I’ve been hearing about the Pittsburgh Bottleshop Cafe on-and-off for a little while now. At least part of that is good PR on some-one’s part. You hear about them in promotions on 105.9 (you know, FM radio), and the Pittsburgh Beer Meetup was there a while back (but I didn’t get to go). Wanting to give it a try, I decided to head out that way with some friends for my birthday.
The Pittsburgh Bottleshop Cafe
1597 Washington Pike
Bridgeville, PA 15017
So what is a bottleshop? My explanation would be a restaurant/bar that makes a point of carrying a huge selection of beer bottles. That usually suggests that their draft selection is also pretty good. The Bottleshop Cafe claims to boast more than 250 different bottles, and I would guess they had about 10 different beers on draft.
My main conclusions: they do in fact have a wide selection of beer, but nothing to write home about. Their selection paled in comparison to similar bottle shops like Bocktown Beer and Grill and Barley’s and Hop’s. I didn’t take an extremely close look at the draft selection, but it didn’t look particularly noteworthy.
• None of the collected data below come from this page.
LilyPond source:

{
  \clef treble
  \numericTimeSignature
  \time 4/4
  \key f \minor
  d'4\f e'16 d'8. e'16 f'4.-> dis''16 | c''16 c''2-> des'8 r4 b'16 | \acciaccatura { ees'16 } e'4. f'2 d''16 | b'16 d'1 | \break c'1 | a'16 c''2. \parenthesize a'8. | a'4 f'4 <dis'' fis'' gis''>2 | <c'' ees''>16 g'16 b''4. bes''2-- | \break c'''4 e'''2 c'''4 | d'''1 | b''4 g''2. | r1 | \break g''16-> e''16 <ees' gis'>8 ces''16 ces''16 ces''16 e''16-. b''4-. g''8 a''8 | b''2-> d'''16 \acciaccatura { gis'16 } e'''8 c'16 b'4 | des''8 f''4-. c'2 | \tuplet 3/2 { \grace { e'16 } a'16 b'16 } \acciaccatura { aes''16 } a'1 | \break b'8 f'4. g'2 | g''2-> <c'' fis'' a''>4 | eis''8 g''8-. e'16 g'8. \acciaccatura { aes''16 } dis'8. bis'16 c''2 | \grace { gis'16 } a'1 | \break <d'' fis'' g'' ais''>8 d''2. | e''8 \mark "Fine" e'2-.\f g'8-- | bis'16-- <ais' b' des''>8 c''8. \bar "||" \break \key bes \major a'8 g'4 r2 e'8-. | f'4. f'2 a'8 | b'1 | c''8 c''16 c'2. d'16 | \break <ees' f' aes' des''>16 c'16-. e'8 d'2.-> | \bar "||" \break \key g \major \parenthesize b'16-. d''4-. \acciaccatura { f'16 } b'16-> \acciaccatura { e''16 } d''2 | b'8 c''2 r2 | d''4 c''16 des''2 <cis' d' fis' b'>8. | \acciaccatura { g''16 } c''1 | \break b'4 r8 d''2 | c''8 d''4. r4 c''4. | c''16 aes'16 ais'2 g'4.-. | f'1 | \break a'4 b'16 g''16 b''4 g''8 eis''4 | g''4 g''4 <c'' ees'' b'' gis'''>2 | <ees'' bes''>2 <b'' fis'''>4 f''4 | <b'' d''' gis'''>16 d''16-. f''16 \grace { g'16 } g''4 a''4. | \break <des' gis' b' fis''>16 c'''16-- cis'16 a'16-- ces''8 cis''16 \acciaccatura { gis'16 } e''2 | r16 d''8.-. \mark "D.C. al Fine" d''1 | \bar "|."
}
I will saw one thing with regard to their selection: they carried the Redbridge Gluten Free beer, which enabled my friend Rose to actually order a beer. That’s a positive sign.
Here’s what we ordered…
- Me — Grilled Portobello Salad
- Charles — 2 dozen Cajun wings (to pass)
- Vicki — Shrimp Wrap
- Brett — Grilled Chicken Wrap
- Erica — Vegetarian Wrap with a bowl of French Onion Soup
Rose actually ordered the chicken salad but requested portobello in place of chicken. That sounded hugely exciting to me, so I went for the same–paired with their house dressing, a tomato basil vinaigrette. The dressing was actually very good–nice and tart as a result of a more appropriate balance of vinegar with oil than some places, which seem to overdo the oil and skimp on vinegar. I could have used a little more lettuce to fill out the bowl, but, other than that, it was a pretty solid salad (for a bottleshop). Many similar establishments will use an excessive amount of cheese, but that wasn’t the case here. They didn’t even put french fries on by default. I found such exciting items as tomatoes, cucumbers, and red onions along side my grilled portobello. None of them were great examples of extremely fresh vegetables, but that would have been an unreasonable expectation for this type of place.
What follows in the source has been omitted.